*Exercise goal*
Your output should be everything below from the line containing "Original 3A Micro" down to the line containing "Binoculars Opticron DISCOVERY SP 7x28 Binoculars", both ends included, copied exactly, with pictures left out.

*The data*
§ §

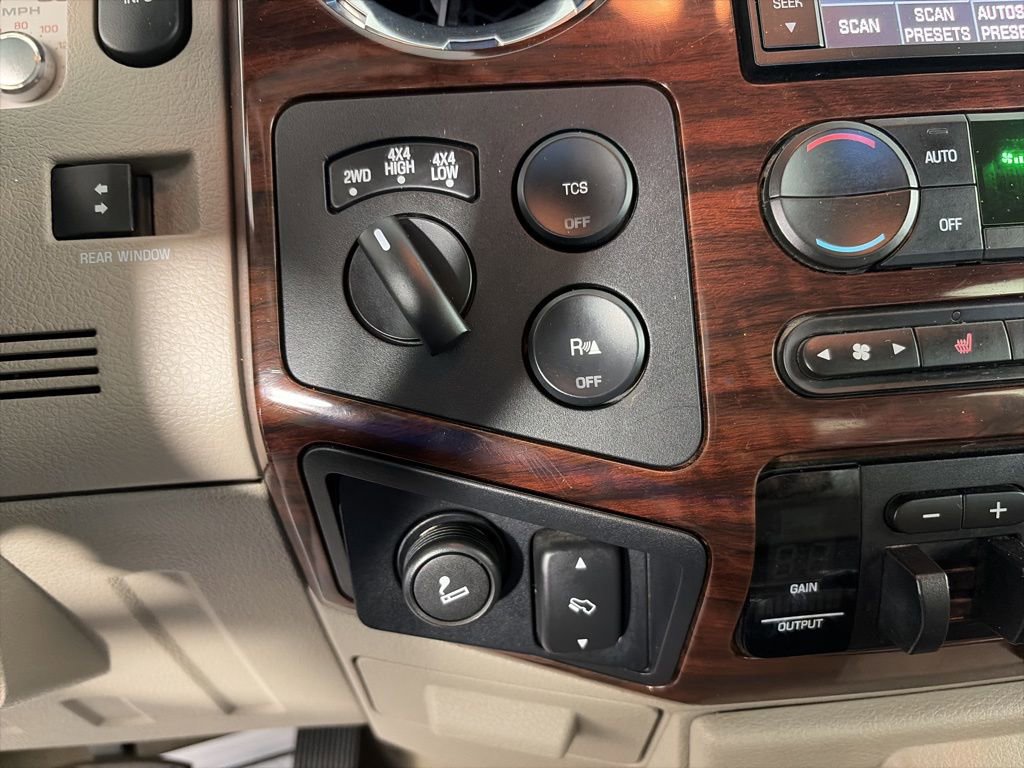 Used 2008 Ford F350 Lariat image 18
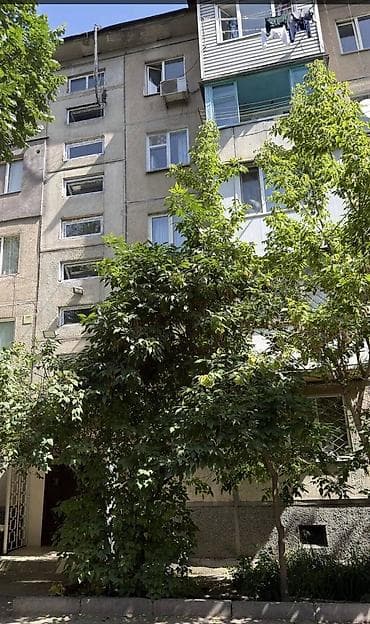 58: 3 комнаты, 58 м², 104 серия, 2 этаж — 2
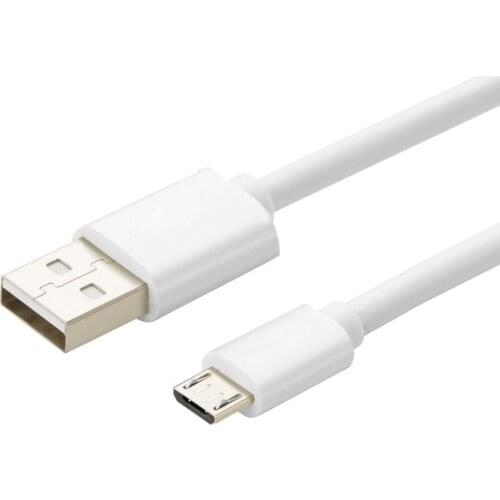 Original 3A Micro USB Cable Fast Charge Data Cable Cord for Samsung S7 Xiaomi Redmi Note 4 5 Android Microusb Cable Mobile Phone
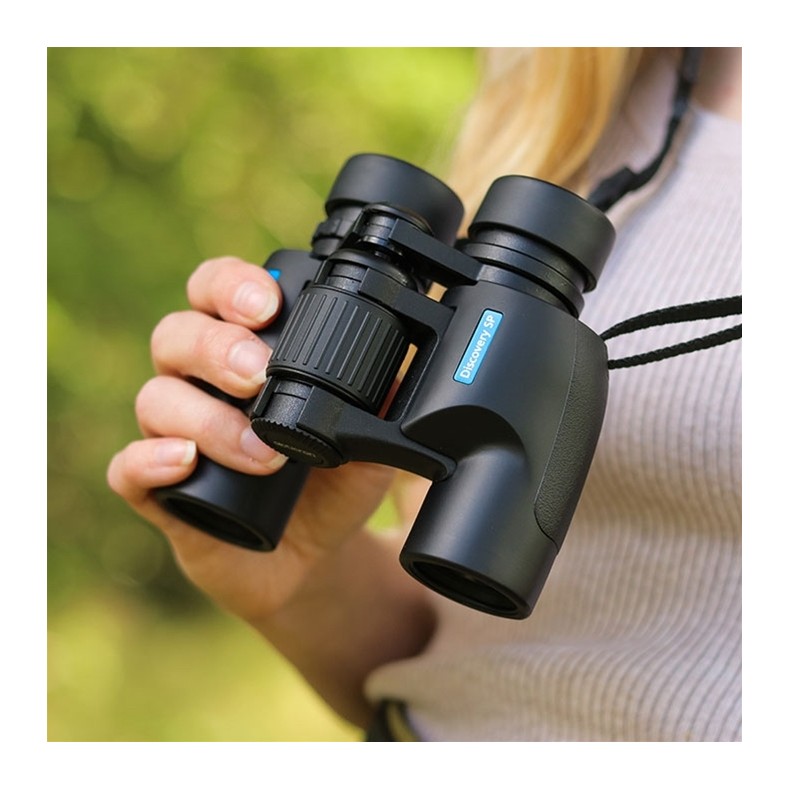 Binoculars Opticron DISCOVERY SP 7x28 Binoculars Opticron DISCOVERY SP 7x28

§ §

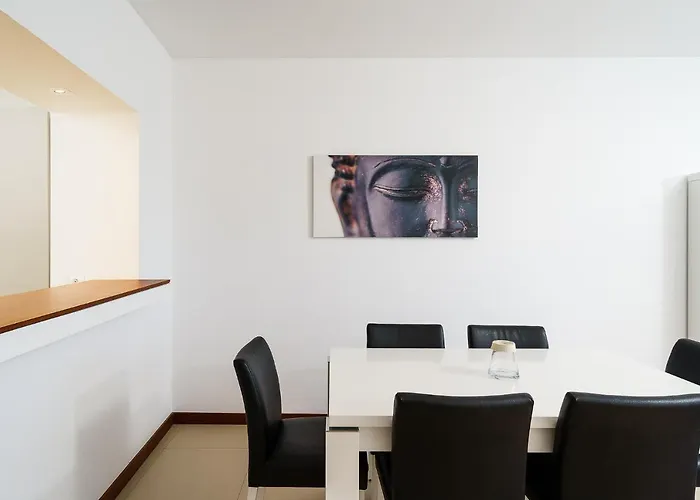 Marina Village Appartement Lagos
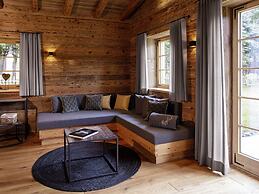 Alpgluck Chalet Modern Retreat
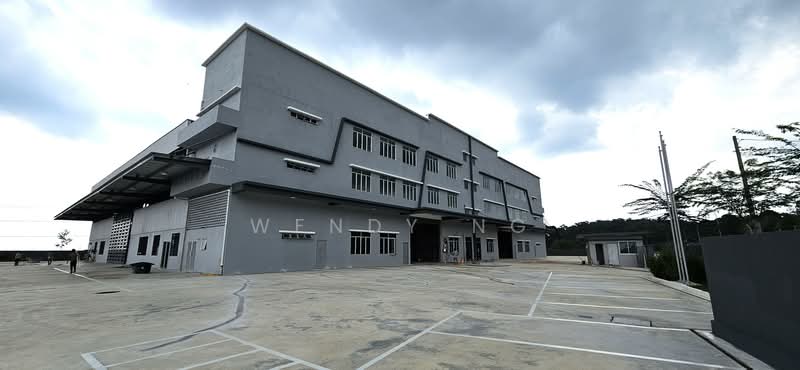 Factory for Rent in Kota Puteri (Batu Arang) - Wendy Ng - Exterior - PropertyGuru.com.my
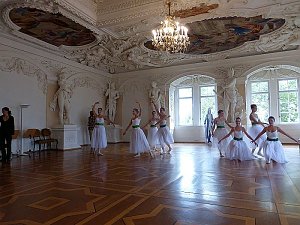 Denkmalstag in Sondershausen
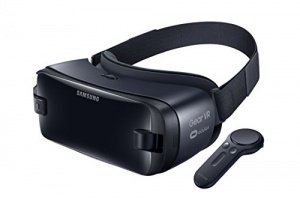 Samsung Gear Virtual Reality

§ §

*Output for this task*
 Original 3A Micro USB Cable Fast Charge Data Cable Cord for Samsung S7 Xiaomi Redmi Note 4 5 Android Microusb Cable Mobile Phone
 Binoculars Opticron DISCOVERY SP 7x28 Binoculars Opticron DISCOVERY SP 7x28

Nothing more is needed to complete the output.